Pratiquer le hockey: un luxe!

OPINION / L’évolution des sports a bien changé. Le hockey a une Fédération de hockey sur glace au Québec mais il existe une nouvelle organisation des écoles privées qui a sa propre classification et qui implique des écoles privées de hockey. Pratiquer le hockey aujourd’hui est un luxe.

Le véritable problème est la construction de colisée qui arrive trop tard. Le Colisée de Québec aurait dû être construit quand Québec avait une franchise dans la Ligue nationale de hockey, les Nordiques. Trois-Rivières a commis la même erreur: ils ont vendu leur franchise qu’ils possédaient depuis les débuts de la ligue junior A en 1969 et a changé en 1973, rebaptisée les Draveurs. En 1992, la franchise est vendue à des propriétaires privés, qui ont mis sur pied les Faucons de Sherbrooke 2012-2013. Depuis, la Ligue de hockey junior majeure du Québec (LHJMQ) a eu le temps de stabiliser sa structure et avoir des exigences pour les franchises nouvelles, dont la capacité des amphithéâtres. L’ex-maire de Trois-Rivières désirait avoir une équipe dans la LHJMQ. Il possédait déjà un colisée avec 3546 places et les exigences LHJMQ étaient de 4000 sièges au minimum.

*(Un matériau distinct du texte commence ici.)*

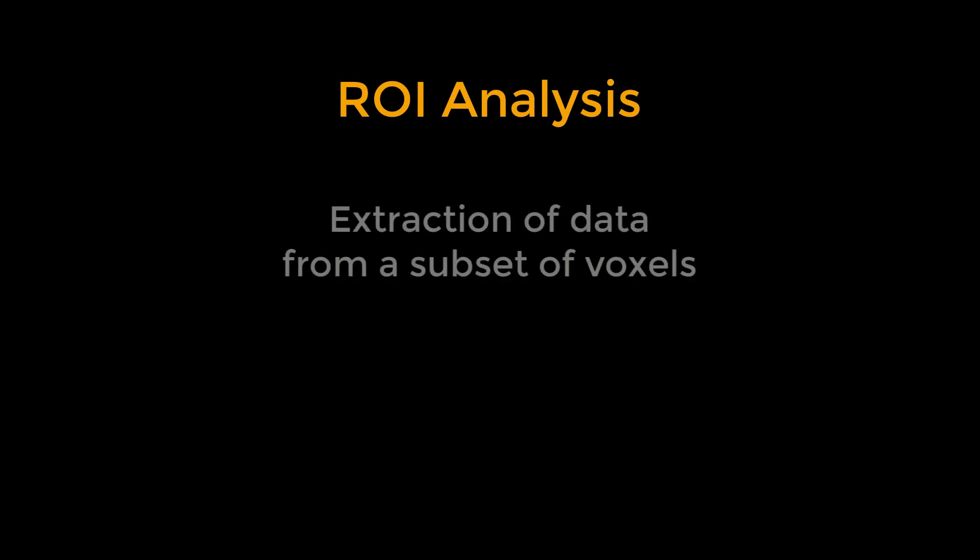A region of interest, or ROI analysis, is a method of extracting data from a subset of voxels, also called a mask.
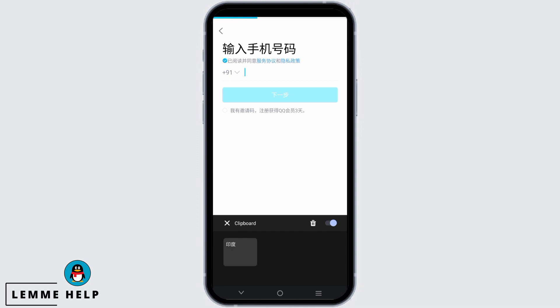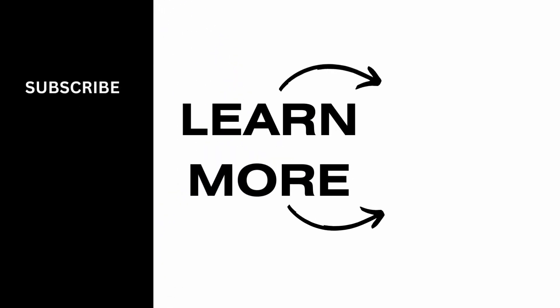Just tap on it and make sure to login with the OTP. After that you can add your details such as ID and password, and you have created your QQ account. For more such content, do not forget to hit the like and subscribe button. Thank you and keep watching.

Le problème à Trois-Rivières a été de construire un amphithéâtre pour les spectacles et la construction d’un colisée pour le hockey, quand on avait sous les yeux l’exemple du Centre Bell, où il y a des spectacles et des joutes de hockey. Ils ont compris que ce n’est pas tout d’avoir un amphithéâtre: il faut qu’il soit occupé 330 jours par année.

Le gouvernement du Québec a contribué à coups de millions à ces constructions sans se poser de questions pour voir si ces dépenses répondaient aux véritables besoins du développement des jeunes: des arénas de district et de proximité.

Le nouveau conseil de ville est pris à payer des infrastructures qui auraient pu être réalisées dans un seul amphithéâtre et à renvoyer les coûts des tarifs surpralocaux à Trois-Rivières.

Les fédérations sportives font une grave erreur à vouloir vendre le sport d’élite. La majorité de ces «élites», après avoir connu la gloire et des médailles d’or, a de la difficulté à s’adapter à la vie de tous les jours. Ils ont perdu leur encadrement de vie de sportif.